+++ Data for review

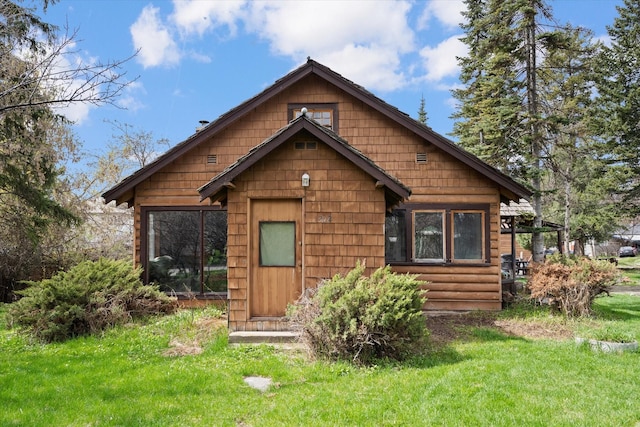 1312 2nd Ave E, Kalispell, MT 59901 - chalet / cabin featuring a front yard
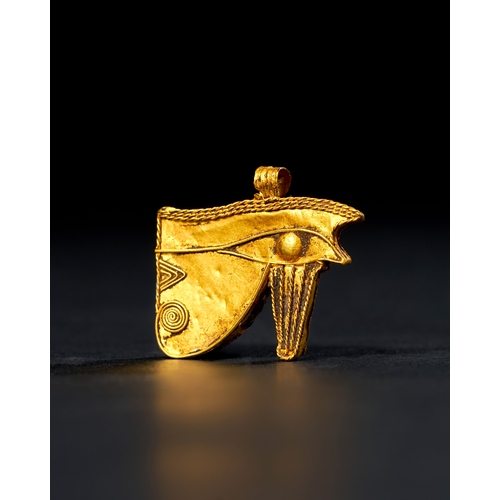 9 - AN EGYPTIAN GOLD AMULET OF THE EYE OF HORUS (WEDJAT), LATE PERIOD TO PTOLEMAIC PERIOD, 664-30 B.C. T... 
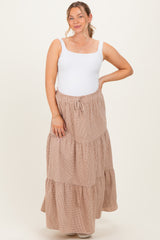 woman wearing a white tank top and a long tiered maternity skirt in light beige with an elastic waistband and drawstring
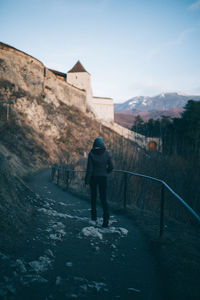 Rear view of man walking on built structure
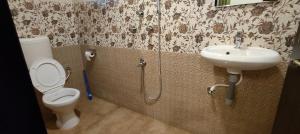 a bathroom with a toilet and a sink at Little Nest in Mandrem +66 photos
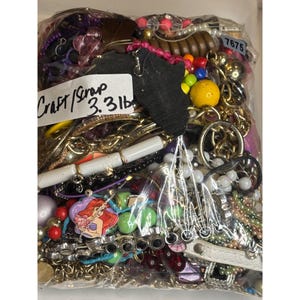 May include: A plastic bag filled with a variety of colorful beads, chains, and other craft supplies. The bag is labeled "Craft/Scrap 3.3lb".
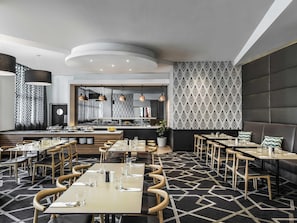Un restaurante moderno con una isla central, varias zonas de estar y una pared decorada con un diseño.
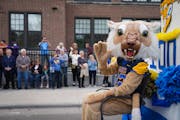 Tommie, the Edison High School mascot, rode on a float in front of the school during the homecoming parade Friday, Sept. 30, in northeast Minneapolis.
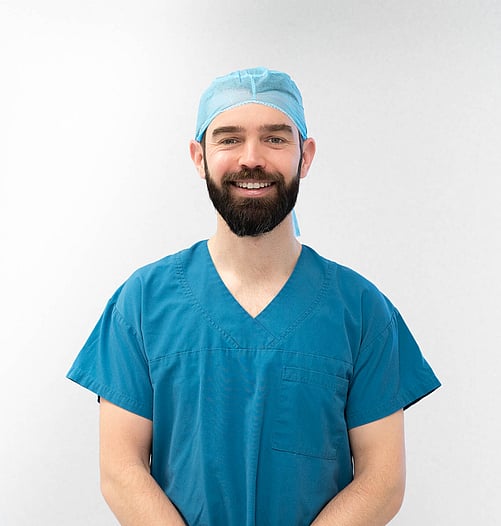 Hamish McLaren n an operating room, wearing surgical scrubs and a cap, operating a robotic surgical device while another medical professional works in the background.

++++++

I would like you to retype exactly the lines running from the one containing "Rear view of man walking on built structure" to the last line of the entries, both included, leaving all pictures out.

 Rear view of man walking on built structure
 a bathroom with a toilet and a sink at Little Nest in Mandrem +66 photos
 May include: A plastic bag filled with a variety of colorful beads, chains, and other craft supplies. The bag is labeled "Craft/Scrap 3.3lb".
Un restaurante moderno con una isla central, varias zonas de estar y una pared decorada con un diseño.
 Tommie, the Edison High School mascot, rode on a float in front of the school during the homecoming parade Friday, Sept. 30, in northeast Minneapolis.
 Hamish McLaren n an operating room, wearing surgical scrubs and a cap, operating a robotic surgical device while another medical professional works in the background.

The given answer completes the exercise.